» INSTRUCTIONS TO FOLLOW
Lines from the one with "Krep dilimlenmiş çilek ile" up to and including the one with "Building Photo - 1004 SW 24th Ave" are to be copied exactly from the records below, without their pictures.

» LISTED RECORDS
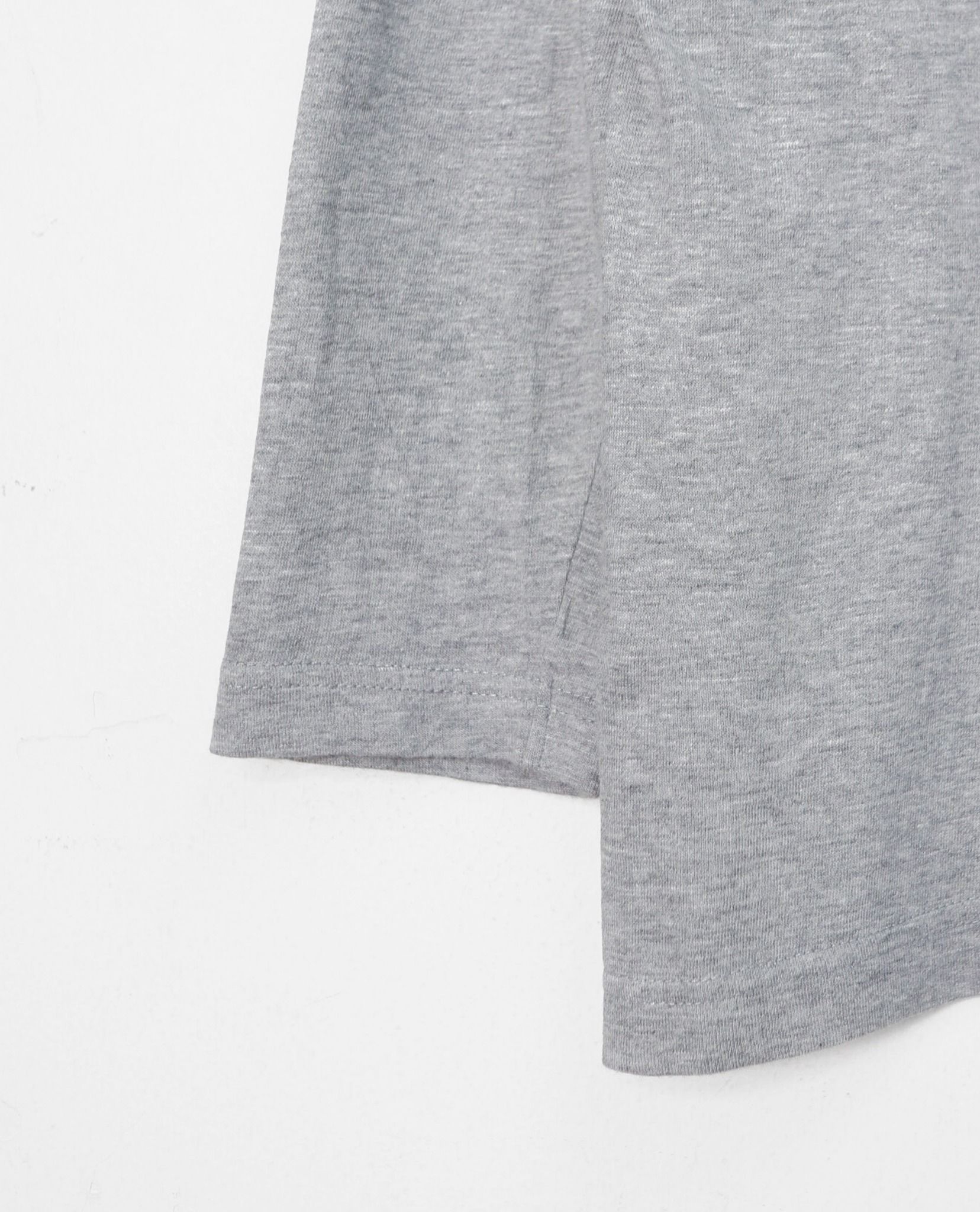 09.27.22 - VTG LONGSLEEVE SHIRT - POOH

--

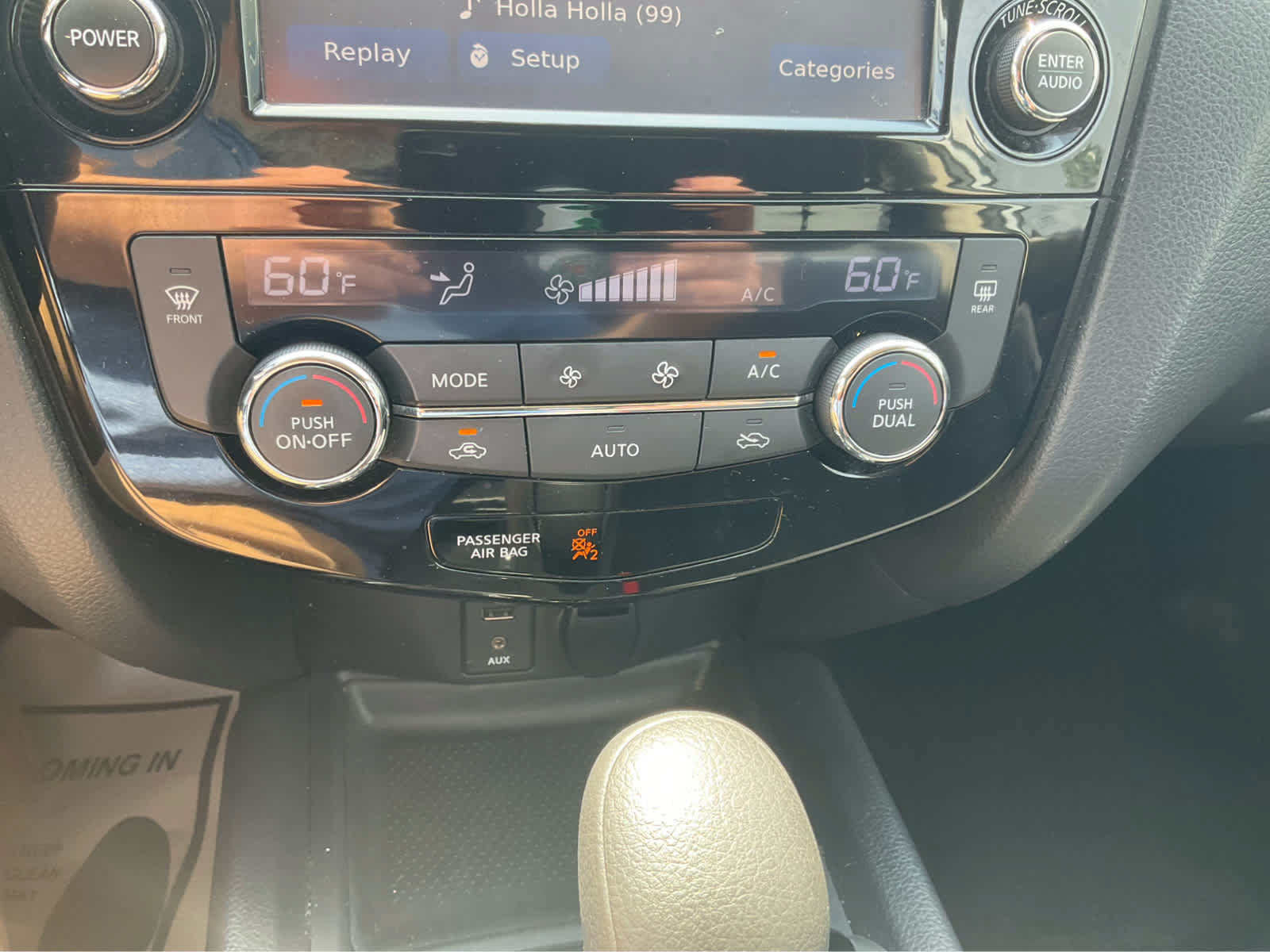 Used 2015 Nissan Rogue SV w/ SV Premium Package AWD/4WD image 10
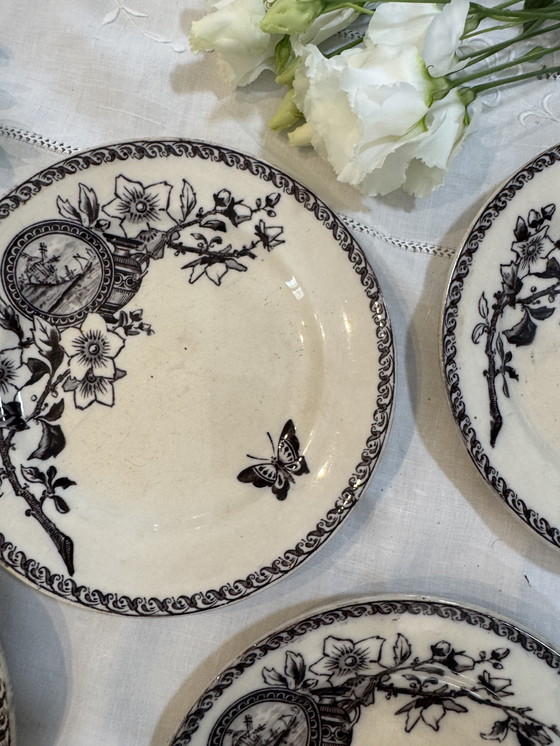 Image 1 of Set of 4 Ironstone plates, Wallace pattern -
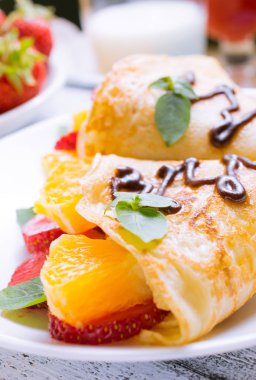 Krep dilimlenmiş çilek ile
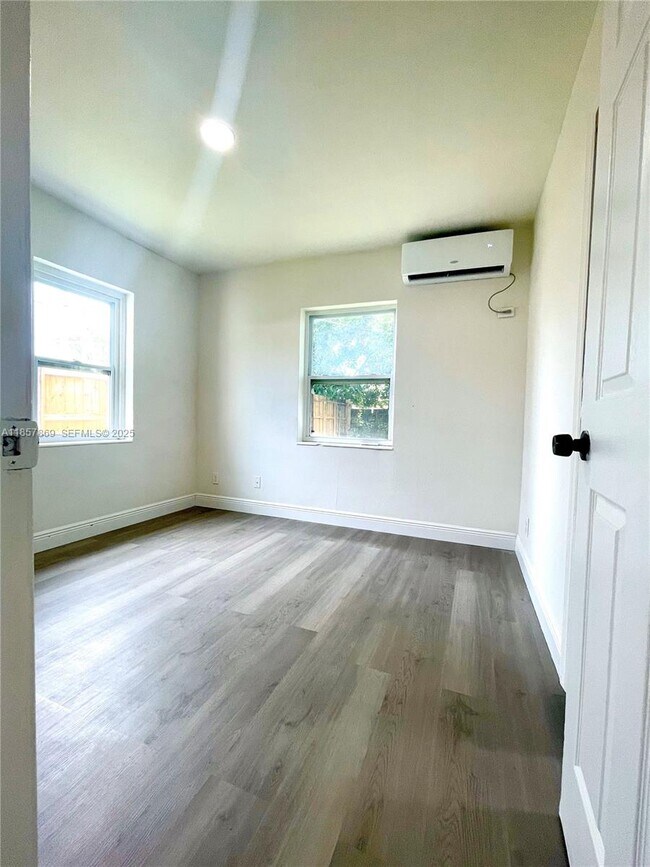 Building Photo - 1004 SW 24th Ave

» RESULT FOR THIS EXERCISE
 Krep dilimlenmiş çilek ile
 Building Photo - 1004 SW 24th Ave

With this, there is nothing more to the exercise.